E a economia russa já não vinha bem havia um certo tempo, ao menos desde 2013. Coincidentemente, a invasão da Crimeia foi no início de 2014. Ninguém sabe ao certo o que se passa na cabeça de Putin mas se ele resolveu arrumar mais um confronto para tirar o foco dos problemas internos e recuperar sua popularidade, escolheu a pior forma e o pior de todos os países.

A Ucrânia vem resistindo e ganhando apoio da maior parte da comunidade internacional. Mesmo a China, uma “aliada sem limites”, não tem visto essa invasão com bons olhos pelo estrago que pode causar a todo o mundo. Aliás, os próprios russos, que já estavam divididos sobre a ideia da invasão, têm manifestado seu inconformismo, apesar de toda repressão interna.

Fato é que a escolha agora para o Ocidente não é sobre qual a melhor opção, mas sim sobre o que seria a “menos pior”, inclusive no longo prazo. Ceder mais uma vez aos “mimos” de Putin ou manter e até ampliar as sanções econômicas impostas, mesmo com o ônus que possam gerar para toda a economia mundial?

Em que pese a resposta não ser simples e não resolver o problema imediato da Ucrânia, se olharmos para o passado e para as perspectivas futuras, voltar a negociar com o Putin implica empurrar o problema com a barriga e até torná-lo pior no futuro. Putin não é e nunca será confiável.

As sanções que estão sendo impostas afetam firmemente a todos os russos, inclusive aqueles que estão fora do país. Não só ao povo, que já estava insatisfeito, como também àqueles que têm se beneficiado dos anos seguidos de corrupção e de criminalidade, garantidas pelo governo Putin. Ou seja, afeta a todos que sustentam sua “governabilidade”.

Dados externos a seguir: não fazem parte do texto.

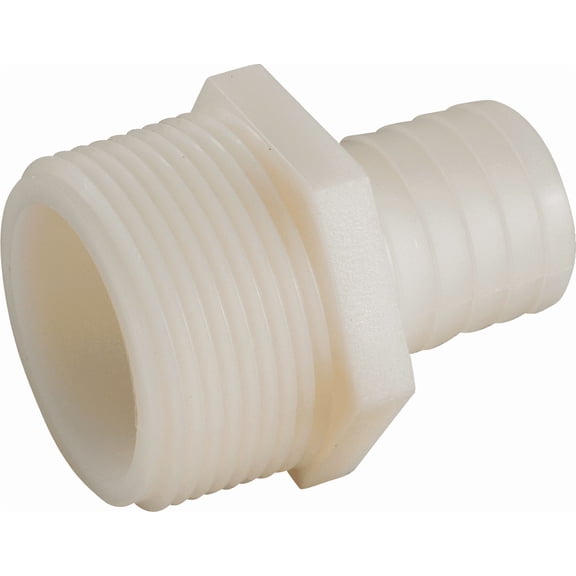 Anderson Metals Barbed Nylon Connector - Pack of 2 Residential Use, Standard Application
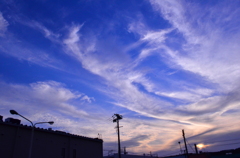秋空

Apenas se presumirmos que Putin seja pior do que um psicopata (um sujeito sem instinto de autopreservação), que tenha o controle irrestrito de tudo (inclusive dos botões nucleares) e que seu entorno não se importe em exterminar o mundo (algo pouquíssimo provável), teremos uma guerra nuclear, algo no qual realmente não acredito.

Em realidade, se o Ocidente se mantiver firme e alinhado com as sanções econômicas desta vez e se a China continuar com sua neutralidade de fato, Putin estará com seus dias contados, mesmo que isso demore um pouco mais do que a maior parte da sociedade mundial gostaria.

“Texto publicado originalmente no UOL em 4/3/2022.”